Influencias do Cubismo na Europa e nos E.U.A.:

- Futurismo, movimento fundado em 1909/16 pelo poeta Italiano Filippo Marinetti, que incluía Umberto Boccioni, Carlo Carrà, Luigi Russolo, Giacomo Balla, Gino Severini e o arquitecto Sant-Elia (A influência Cubista é importante apenas numa primeira fase).

- Cubo-Futurismo, movimento Futurista Russo fundado por Mikhail Larionov, Natalia Goncharova e Kasimir Malevich (mais tarde Vladimir Tatlin) em 1911/14. Tem origem no grupo "Valete de Ouros" (do russo Bubnovii Valet), fundado em Moscovo e que expôs pela primeira vez em 1910 e onde se incluíam obras de Delaunay e Léger. 

- Escola de Nova Iorque, os artistas americanos deste grupo foram bastante influenciados pela obra de Picasso.
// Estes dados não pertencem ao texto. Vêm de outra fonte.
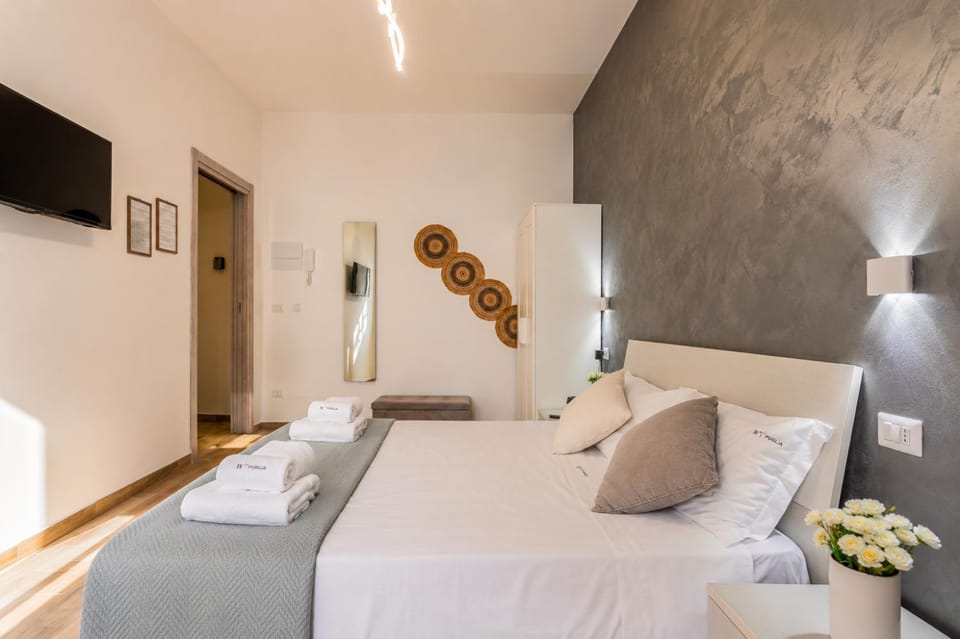Bed, TV and multimedia, Photo of the whole room, Bedroom, towels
É de notar que a sua busca de um espaço pictórico estreito e o entendimento da obra de arte como uma existência própria, autónoma e material, para lá da sua essência, é herdada do Cubismo.
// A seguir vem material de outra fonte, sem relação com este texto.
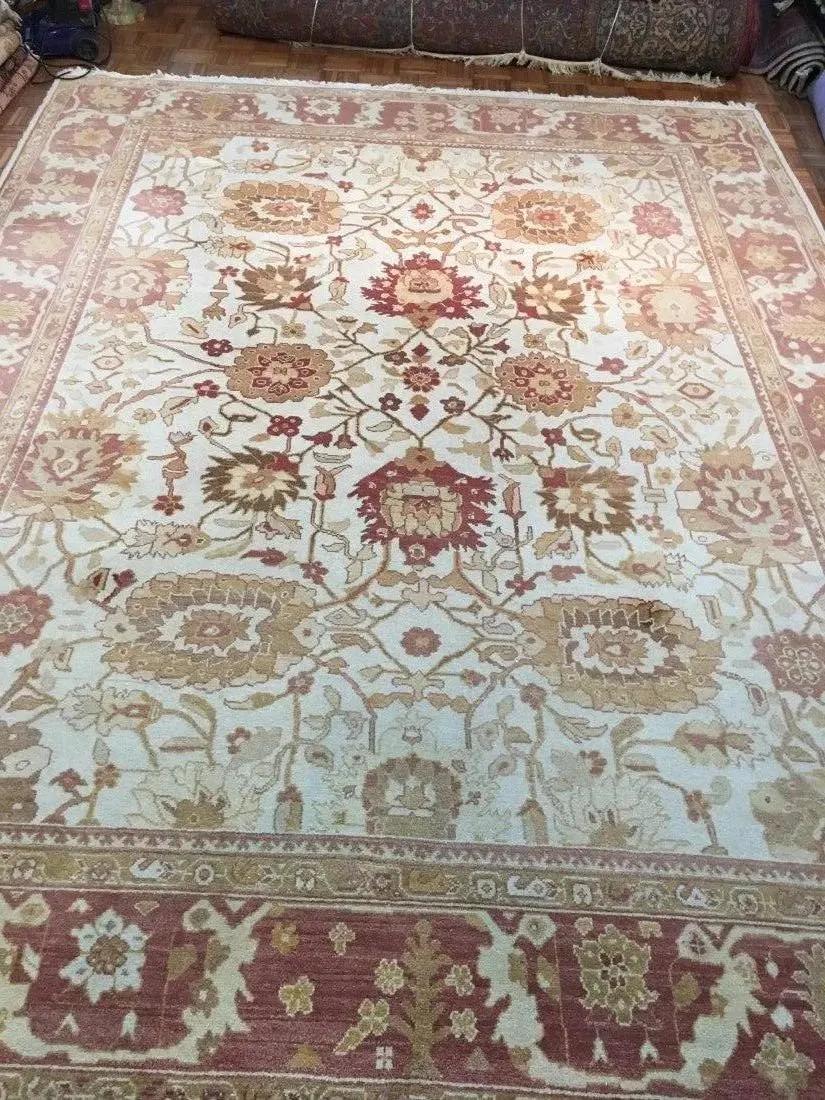 A handwoven Pakistan Chobi SultanAbad wool Rug (1 of 9)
- Abstracção Lírica: Após 1945, e especialmente em França, a Abstracção Geométrica que toma o nome de l'Art Concret virá a confrontar-se com uma nova corrente que vai ter variadas denominações dadas pelos  críticos: l'abstraction lyrique, tachisme, l'art informel, matérisme, un art outre, estes artistas praticam uma pintura de abstracção expressiva que se tornará dominante internacionalmente a partir de 1955. Genericamente poderemos dizer que a Abstracção lírica é uma forma de Expressionismo Abstracto onde os valores formais e propriamente pictóricos (e portanto a herança Cubista) se sobrepõem aos valores Gestualistas. Os seus praticantes são geralmente Europeus. 

Influencias do Cubismo em Portugal:

- Em Portugal a influência Cubista enquadra-se no chamado Primeiro Modernismo (ver texto sobre o Modernismo em Portugal).